Como saía muito cedo pelas manhãs para o trabalho, a menina estava, com razão, sempre dormindo, e como ele não almoçava em casa, – almoçava no trabalho, tornava sua convivência nula nesses períodos. Nas tardes depois do trabalho, invariavelmente, retornava sempre muito tarde, – já pela noite, com isso, era raro ver a filha, pois, dependendo do horário, novinha como era – com seus quatro pra cinco, ela já estava na cama dormindo ou pronta para dormir e, muitas das vezes, olhando pra ele de olhinhos brilhando, ávida para ganhar seus abraços e beijos de boa-noite.  E assim as coisas iam...
Aos finais de semana, entretanto, era quando ele podia ter e dispensar mais tempo com a menina, – brincar com ela e coisas desse tipo; procurar dar a ela atenção e ser um pai afetuoso, porém, nem isso era por ele aproveitado. Os finais de semana eram, mesmo involuntariamente, ocupados na maior parte do tempo disponível para se deslocar – indo e retornando, com a família a uma chácara que possuíam no interior e quando por lá chegavam, cansado que só ele, não somente pela viagem de horas, mas também pela semana extenuante que o seu trabalho, invariavelmente, proporcionava, não queria outra coisa senão procurar descansar e buscar distração – esfriar a cabeça como se diz, com isso, era como se esquecesse da sua filhinha...
Um dado dia, mais precisamente numa quinta-feira, Antônio, muito animado apesar de tenso por deixar o trabalho antes do término do expediente, foi a uma avícola buscar uma encomenda de “franguinhas” de galinha poedeira que pretendia criar na chácara.

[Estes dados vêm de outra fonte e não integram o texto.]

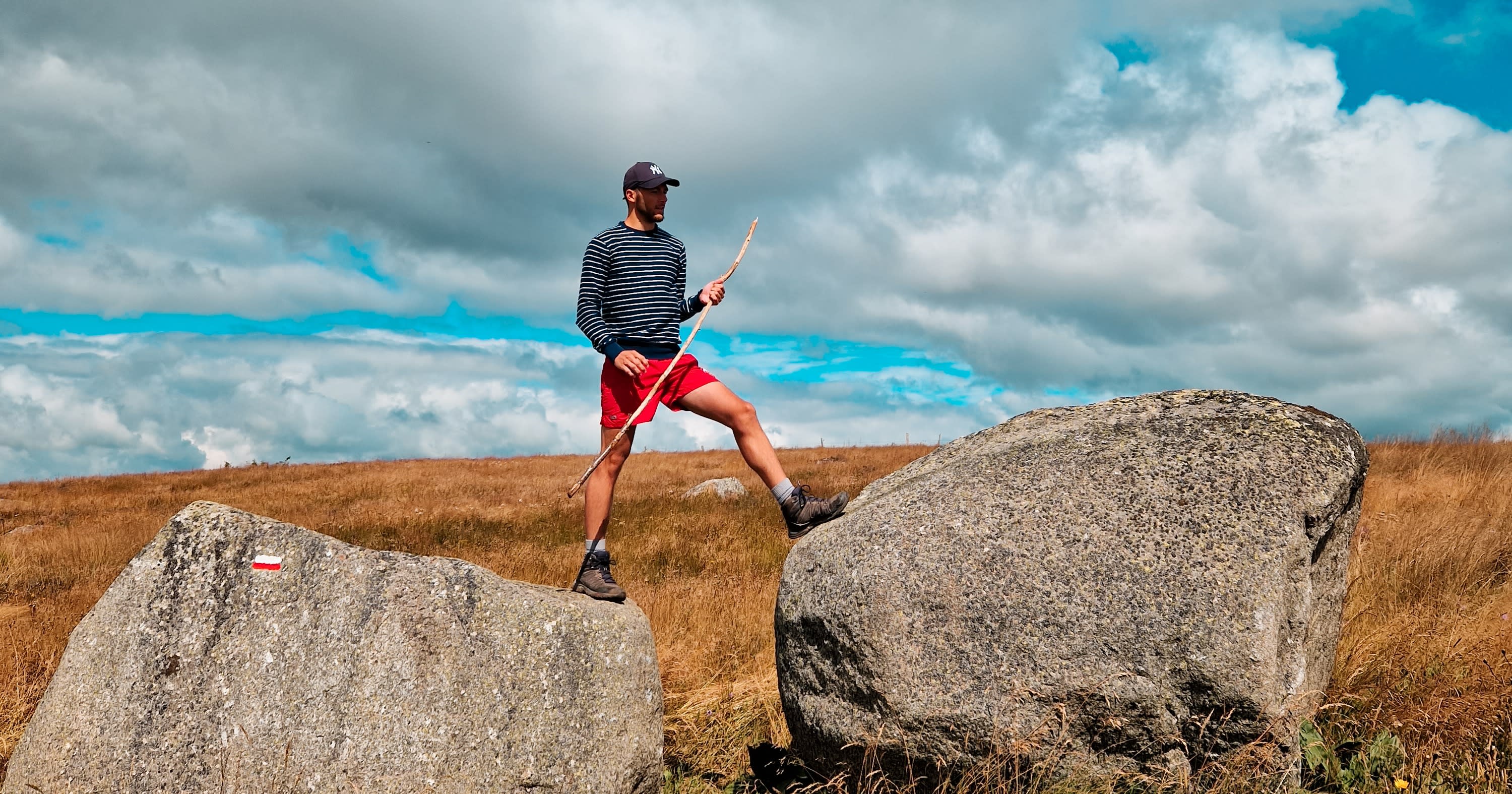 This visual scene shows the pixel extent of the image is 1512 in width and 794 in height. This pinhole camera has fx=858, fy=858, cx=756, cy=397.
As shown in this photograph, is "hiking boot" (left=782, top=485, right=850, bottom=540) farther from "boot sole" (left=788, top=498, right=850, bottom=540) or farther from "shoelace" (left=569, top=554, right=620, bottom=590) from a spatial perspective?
"shoelace" (left=569, top=554, right=620, bottom=590)

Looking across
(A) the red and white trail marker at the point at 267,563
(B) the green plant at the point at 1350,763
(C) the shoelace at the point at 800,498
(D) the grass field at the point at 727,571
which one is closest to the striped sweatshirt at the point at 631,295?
(C) the shoelace at the point at 800,498

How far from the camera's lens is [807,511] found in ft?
16.0

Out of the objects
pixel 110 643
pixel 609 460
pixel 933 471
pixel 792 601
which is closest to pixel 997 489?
pixel 933 471

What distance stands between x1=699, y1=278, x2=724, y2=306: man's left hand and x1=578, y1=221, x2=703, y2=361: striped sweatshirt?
0.15 m

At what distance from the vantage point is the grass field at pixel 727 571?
4.59 metres

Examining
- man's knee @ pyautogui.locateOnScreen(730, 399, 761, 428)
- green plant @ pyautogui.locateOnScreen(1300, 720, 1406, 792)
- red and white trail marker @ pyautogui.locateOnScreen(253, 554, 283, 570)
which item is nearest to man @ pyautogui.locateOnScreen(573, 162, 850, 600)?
man's knee @ pyautogui.locateOnScreen(730, 399, 761, 428)

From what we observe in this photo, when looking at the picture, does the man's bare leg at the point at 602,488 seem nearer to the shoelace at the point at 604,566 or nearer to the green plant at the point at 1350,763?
the shoelace at the point at 604,566

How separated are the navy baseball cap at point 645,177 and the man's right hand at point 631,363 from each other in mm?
1139

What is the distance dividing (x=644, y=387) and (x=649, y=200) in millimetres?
1229

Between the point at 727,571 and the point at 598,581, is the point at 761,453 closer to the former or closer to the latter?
the point at 598,581

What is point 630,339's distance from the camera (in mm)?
5203

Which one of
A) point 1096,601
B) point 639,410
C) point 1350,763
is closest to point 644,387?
point 639,410

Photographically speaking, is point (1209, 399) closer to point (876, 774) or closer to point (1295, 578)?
point (1295, 578)

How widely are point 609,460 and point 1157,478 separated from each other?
9.75 ft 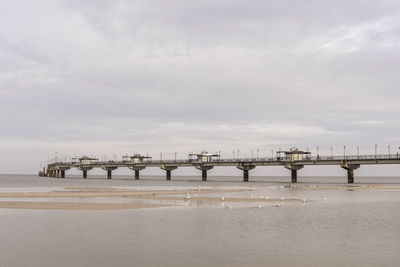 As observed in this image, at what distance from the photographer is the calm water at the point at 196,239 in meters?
16.4

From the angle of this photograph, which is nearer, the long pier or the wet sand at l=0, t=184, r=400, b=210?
the wet sand at l=0, t=184, r=400, b=210

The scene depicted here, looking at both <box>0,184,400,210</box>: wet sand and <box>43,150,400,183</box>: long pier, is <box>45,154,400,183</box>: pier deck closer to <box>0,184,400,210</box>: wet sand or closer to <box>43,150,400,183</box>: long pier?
<box>43,150,400,183</box>: long pier

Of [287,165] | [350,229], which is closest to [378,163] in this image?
[287,165]

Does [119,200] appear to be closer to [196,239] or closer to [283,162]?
[196,239]

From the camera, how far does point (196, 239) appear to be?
68.6 feet

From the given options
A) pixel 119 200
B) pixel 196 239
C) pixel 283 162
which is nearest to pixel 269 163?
pixel 283 162

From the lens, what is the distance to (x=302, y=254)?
1762cm

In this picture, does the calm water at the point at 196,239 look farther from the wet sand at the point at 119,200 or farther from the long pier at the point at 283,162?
the long pier at the point at 283,162

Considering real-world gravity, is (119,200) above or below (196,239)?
below

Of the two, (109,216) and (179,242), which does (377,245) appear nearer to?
(179,242)

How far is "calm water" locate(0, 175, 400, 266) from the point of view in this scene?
16.4 m

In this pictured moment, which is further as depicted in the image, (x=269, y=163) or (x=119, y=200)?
(x=269, y=163)

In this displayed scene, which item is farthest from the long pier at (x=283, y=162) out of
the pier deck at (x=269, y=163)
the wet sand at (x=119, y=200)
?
the wet sand at (x=119, y=200)

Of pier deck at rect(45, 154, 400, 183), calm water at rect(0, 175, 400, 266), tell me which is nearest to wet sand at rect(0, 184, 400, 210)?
calm water at rect(0, 175, 400, 266) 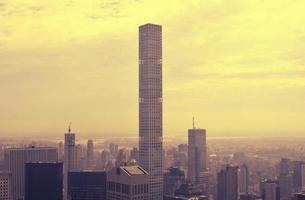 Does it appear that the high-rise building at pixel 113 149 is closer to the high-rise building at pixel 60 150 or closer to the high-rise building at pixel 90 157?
the high-rise building at pixel 90 157

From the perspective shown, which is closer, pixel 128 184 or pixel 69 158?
pixel 128 184

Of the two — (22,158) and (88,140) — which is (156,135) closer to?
(22,158)

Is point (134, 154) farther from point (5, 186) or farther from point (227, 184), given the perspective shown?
Answer: point (5, 186)

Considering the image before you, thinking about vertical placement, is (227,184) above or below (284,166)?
below

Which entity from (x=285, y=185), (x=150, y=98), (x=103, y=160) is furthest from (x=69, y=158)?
(x=285, y=185)

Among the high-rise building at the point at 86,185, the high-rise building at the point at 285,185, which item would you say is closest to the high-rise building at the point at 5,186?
the high-rise building at the point at 86,185

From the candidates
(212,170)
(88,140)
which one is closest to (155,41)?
(212,170) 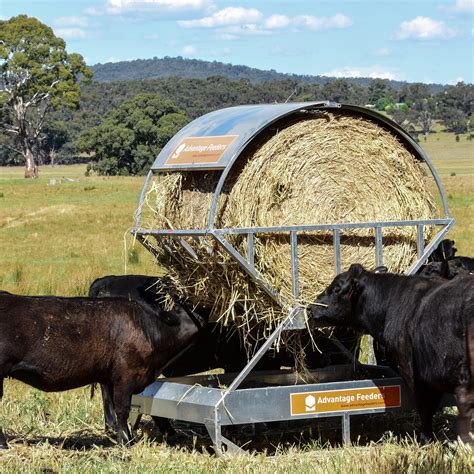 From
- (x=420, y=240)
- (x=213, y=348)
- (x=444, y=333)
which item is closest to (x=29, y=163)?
(x=213, y=348)

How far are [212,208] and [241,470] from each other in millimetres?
2279

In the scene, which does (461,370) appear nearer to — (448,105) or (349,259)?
(349,259)

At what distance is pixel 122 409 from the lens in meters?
9.67

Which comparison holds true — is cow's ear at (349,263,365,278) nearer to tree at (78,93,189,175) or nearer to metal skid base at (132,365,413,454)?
metal skid base at (132,365,413,454)

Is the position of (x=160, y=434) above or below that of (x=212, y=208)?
below

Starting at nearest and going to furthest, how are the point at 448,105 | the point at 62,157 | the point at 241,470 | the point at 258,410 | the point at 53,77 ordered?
the point at 241,470 < the point at 258,410 < the point at 53,77 < the point at 62,157 < the point at 448,105

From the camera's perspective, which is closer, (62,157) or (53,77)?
(53,77)

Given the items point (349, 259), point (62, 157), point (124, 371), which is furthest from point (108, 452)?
point (62, 157)

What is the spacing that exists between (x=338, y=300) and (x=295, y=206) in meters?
0.99

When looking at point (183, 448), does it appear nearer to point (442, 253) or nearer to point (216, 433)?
point (216, 433)

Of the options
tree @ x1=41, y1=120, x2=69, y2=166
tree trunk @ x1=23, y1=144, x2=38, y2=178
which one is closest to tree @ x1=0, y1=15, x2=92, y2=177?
tree trunk @ x1=23, y1=144, x2=38, y2=178

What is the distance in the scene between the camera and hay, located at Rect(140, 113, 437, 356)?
31.1 feet

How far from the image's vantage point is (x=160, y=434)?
35.0ft

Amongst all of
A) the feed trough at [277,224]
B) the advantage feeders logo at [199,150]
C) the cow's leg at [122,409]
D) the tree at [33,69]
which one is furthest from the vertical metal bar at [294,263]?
the tree at [33,69] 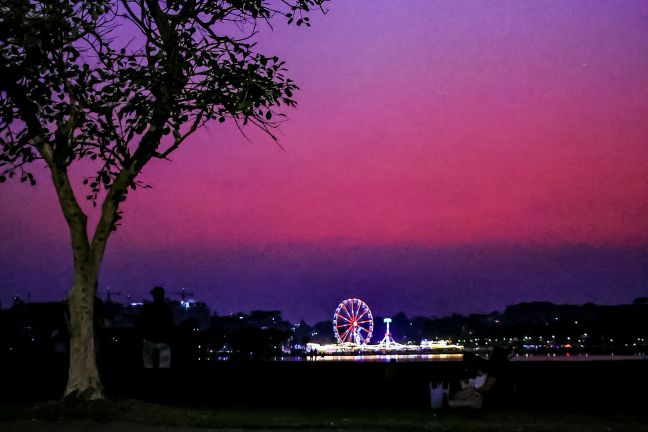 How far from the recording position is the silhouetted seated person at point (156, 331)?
18.0m

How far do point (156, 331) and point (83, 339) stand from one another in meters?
2.23

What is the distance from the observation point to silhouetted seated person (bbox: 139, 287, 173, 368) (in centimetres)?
1803

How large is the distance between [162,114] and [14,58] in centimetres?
276

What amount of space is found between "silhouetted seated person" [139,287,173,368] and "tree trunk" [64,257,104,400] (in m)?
1.73

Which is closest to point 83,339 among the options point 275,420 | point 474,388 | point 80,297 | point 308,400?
point 80,297

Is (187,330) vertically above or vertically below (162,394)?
above

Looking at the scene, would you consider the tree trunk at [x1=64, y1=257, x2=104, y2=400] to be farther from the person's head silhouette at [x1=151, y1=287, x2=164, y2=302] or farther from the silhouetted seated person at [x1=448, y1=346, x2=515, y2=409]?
the silhouetted seated person at [x1=448, y1=346, x2=515, y2=409]

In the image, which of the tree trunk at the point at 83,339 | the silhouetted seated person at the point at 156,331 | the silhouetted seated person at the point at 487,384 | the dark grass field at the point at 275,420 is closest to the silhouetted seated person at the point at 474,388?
the silhouetted seated person at the point at 487,384

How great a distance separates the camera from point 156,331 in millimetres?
18125

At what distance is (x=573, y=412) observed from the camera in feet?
54.2

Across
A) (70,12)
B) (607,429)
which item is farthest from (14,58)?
(607,429)

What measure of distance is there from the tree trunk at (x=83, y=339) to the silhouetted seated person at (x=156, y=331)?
5.69ft

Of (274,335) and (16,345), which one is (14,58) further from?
(274,335)

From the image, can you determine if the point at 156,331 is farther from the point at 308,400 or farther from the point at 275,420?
the point at 275,420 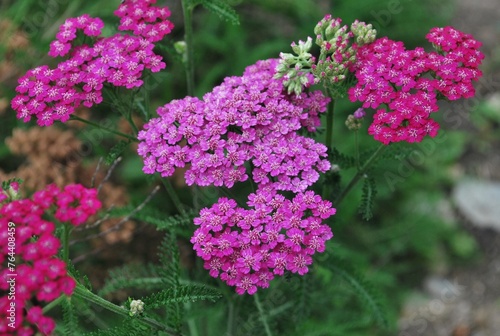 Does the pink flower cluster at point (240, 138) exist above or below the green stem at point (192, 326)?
above

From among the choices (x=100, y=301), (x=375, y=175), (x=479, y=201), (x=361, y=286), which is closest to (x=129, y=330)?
(x=100, y=301)

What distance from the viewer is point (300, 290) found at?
2771mm

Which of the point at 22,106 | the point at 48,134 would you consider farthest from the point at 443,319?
the point at 22,106

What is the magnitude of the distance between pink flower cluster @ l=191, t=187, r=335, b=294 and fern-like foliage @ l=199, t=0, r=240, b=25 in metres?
0.80

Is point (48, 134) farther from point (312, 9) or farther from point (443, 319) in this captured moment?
point (443, 319)

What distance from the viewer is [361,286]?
281 cm

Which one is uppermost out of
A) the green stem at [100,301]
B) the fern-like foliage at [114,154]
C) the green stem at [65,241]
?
the fern-like foliage at [114,154]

No final do dia – já noite, ele retornou pra sua casa levando no bagageiro da perua um engradado com as muitas “franguinhas” que havia comprado.  Ao chegar, por ser tarde e como iriam sair no dia seguinte logo cedo, indo à chácara, aproveitando o feriado do dia seguinte, ele não quis se dar ao trabalho de tirar o engradado do carro.
Depois de abrir o portão de casa, estacionar e colocar água e ração à vontade pras “franguinhas”, as deixando por lá mesmo, ele entrou e, como sempre acontecia, a esposa já cuidava de acomodar sua filhinha para dormir...
— Oi, querida! disse ele ao entrar no quarto e vendo a filha já cama complementou. Oi, minha queridinha! falou já beijando a menina. 
— Oi, papai, disse a menina sorridente.
A esposa, depois de beijá-lo, interpelou:
— Chegou tarde, querido!
— É!... Cheguei, disse ele.
— E por quê? Aconteceu alguma coisa?
— Não, não aconteceu nada! Esqueceu que fui buscar os “pintinhos”? replicou ele.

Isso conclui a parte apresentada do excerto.